1790: The Funding Act

Hamilton, estimating the total public debt at $77.1 million, called for the issuance of new federal bonds to cover the debt. By assuming the obligation to pay this debt, the government firmly established its good credit. By February 1792, interest-bearing government bonds were selling for $1.20-on-the-dollar. A shrewd investor, buying $100 in bonds in 1786 (at a market price of about $15) could have sold the replacement bonds issued by the new government for $121.50 in 1792, realizing a handsome profit. The system of debt management instituted by Hamilton worked well to consolidate the debt and permit the government to make interest payments as they came due (as well as to secure the faith and credit of the government in the new United States and abroad).

1791: The Bank

To consolidate the government's financial affairs, Hamilton proposed the formation of a national bank to supplement the activities of The Treasury. Despite the opposition of Jefferson and Madison, the First Bank of the United States opened in 1791 with a total capital of $10 million. Just ten years later, though, Jeffersonian Democrats, who didn't trust banks, overturned this progress. Jefferson's Secretary of the Treasury, Albert Gallatin, was a chief critic of Hamilton's methods of debt management, and made it his priority to reduce public debt. This worked for a time, reducing the public debt to $45.2 million by 1811, but was derailed by Jefferson's "Louisiana Purchase."

1803: Albert Gallatin

Albert Gallatin, 1848

Albert Gallatin, 1848

Abraham Alfonse Albert Gallatin (b. January 29, 1761 –  d. August 12, 1849) was a Swiss-American anti-Federalist diplomat and congressman, and the longest-serving United States Secretary of the Treasury. He opposed Hamilton’s entire program, but, faced with declining revenues and the massive cost of the War of 1812, Gallatin was forced to reintroduce the Federalist taxes he had previously denounced. By funding the war deficit ($69 million) with bond issues, he helped defray the costs. He later helped charter the Second Bank of the United States in 1816.

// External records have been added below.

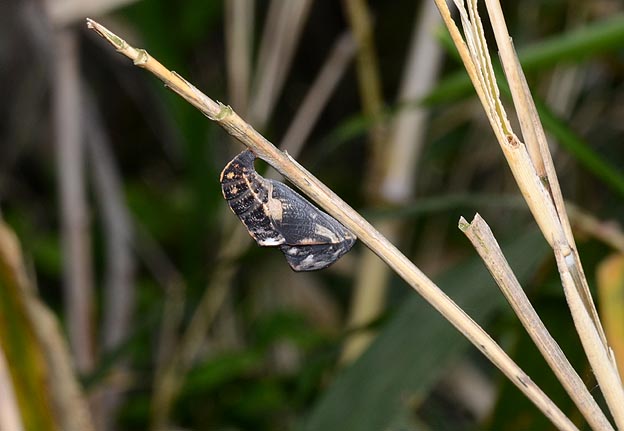 笹についたテングチョウの蛹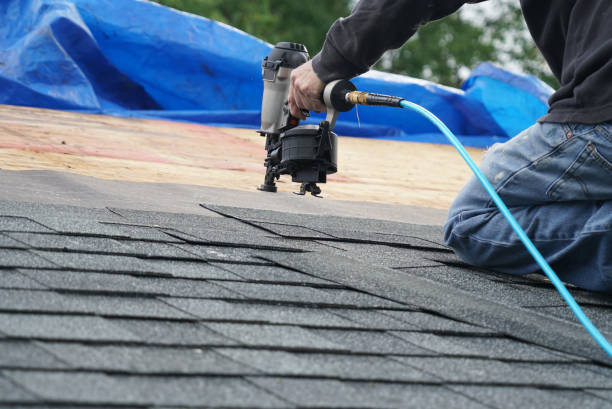 Best Roof Moss and Algae Removal  in Coker, AL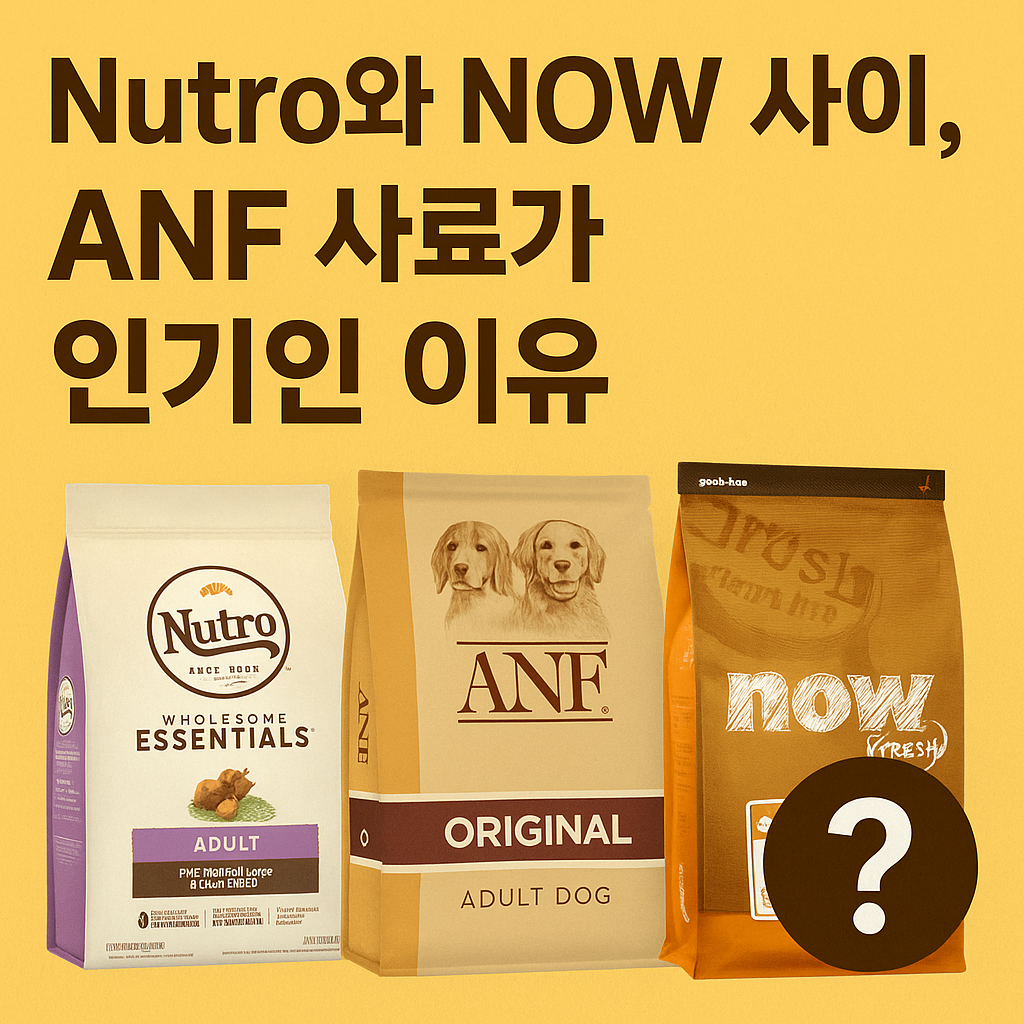 ANF 사료 완벽 비교 리뷰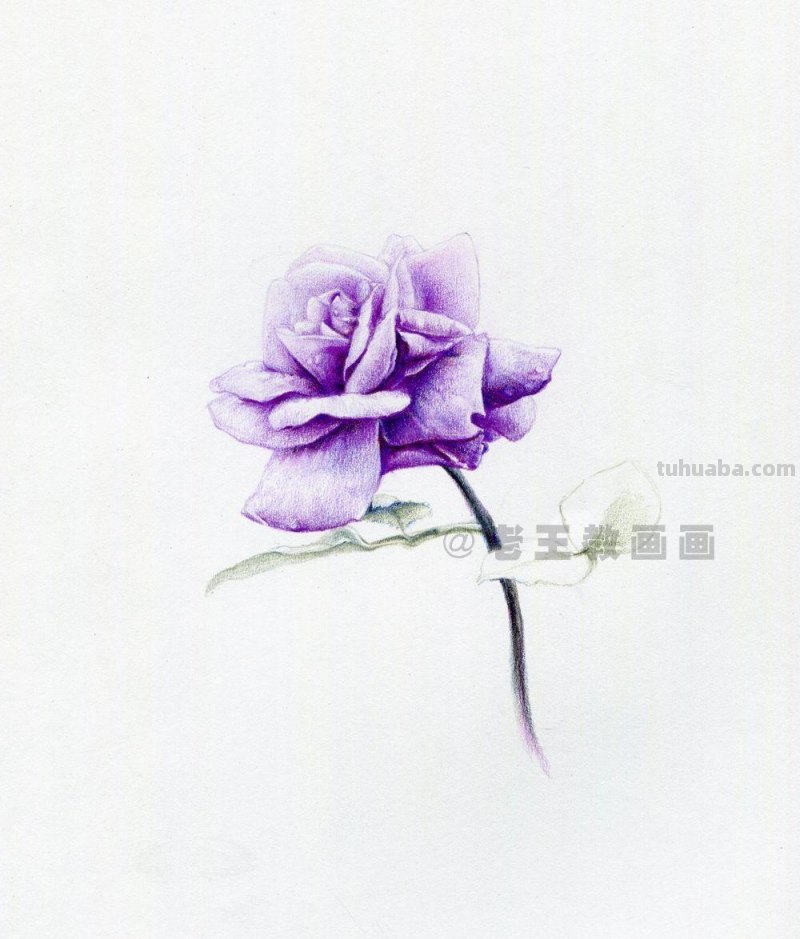 用彩铅画出来的花，就是好看！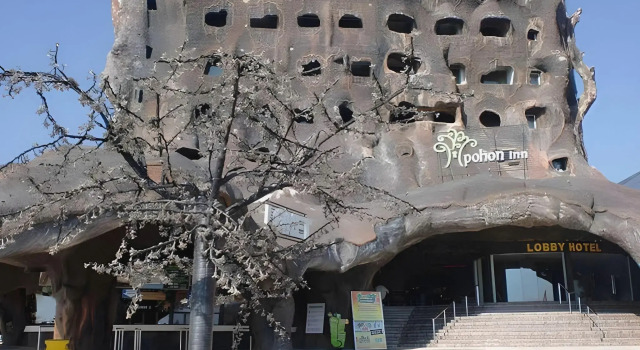 Pohon Inn Hotel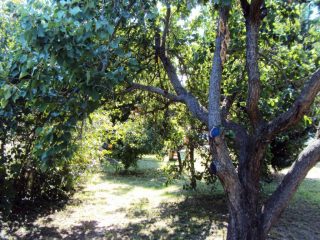 Eladó 208 m²-escsaládi ház Gárdony, Vak Bottyán utca: 139'000'000 Ft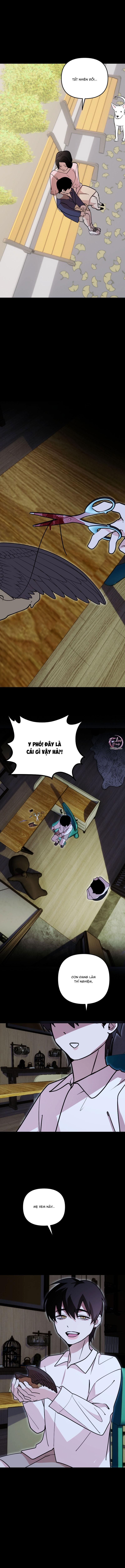 đọc truyện Tên Hàng Xóm Cứ Dán Mắt Vào Tôi Chương 60 ảnh 9 tại Thiên Thai Truyện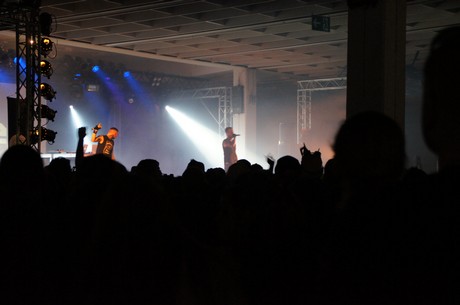 amphi-festilval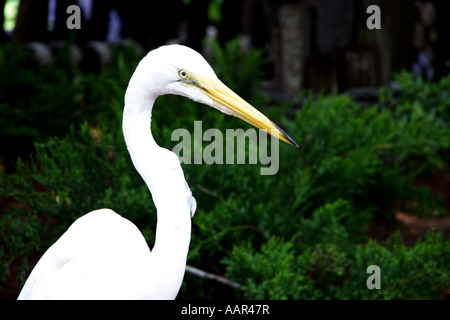 Grande airone bianco ( Ardea (erodiade) occidentalis). Foto Stock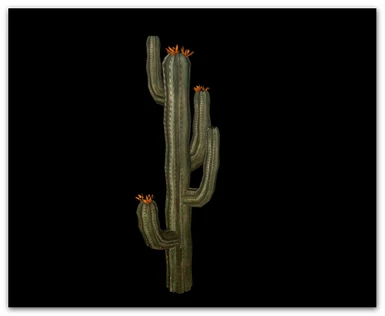 Cactus 10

1812: The First Test of Debt

The War of 1812 was financed mainly through the use of borrowed funds. Total public debt increased from $45.2 million on January 1, 1812, to $119.2 million as of September 30, 1815.

1837: Andrew Jackson

Andrew  Jackson, portrait by Thomas Sully, 1824

Andrew Jackson,
portrait by Thomas Sully,

Andrew Jackson, the seventh president of the United States, was suspicious of banks and did not trust the paper money they issued. In 1837, he liquidated the Second Bank of the United States, returning the government’s original investment plus a profit. This resulted in a huge government surplus of funds. (In 1835, the $17.9 million budget surplus was greater than the total government expenses for that year.) By January of 1835, for the first and only time, all of the government’s interest-bearing debt was paid off. Congress distributed the surplus to the states (many of which were heavily in debt). The Jackson administration ended with the country almost completely out of debt!

1846: Rebuilding the Debt

The United States went to war with Mexico in May, 1846, over the annexation of Texas and California. The total cost of the war was estimated to be $64 million, and Congress authorized the issuing of additional debt to meet these obligations. It is this concept that would later become the basis for the Savings Bond program. By the end of 1849, public debt totaled $63.1 million.

1860: The Civil War

"This war of ours, in its magnitude and in its duration, is one of the most terrible. It has produced a national debt and taxation unprecedented, at least in this country. It has carried mourning to almost every home, until it can almost be said that the 'heavens are hung black'."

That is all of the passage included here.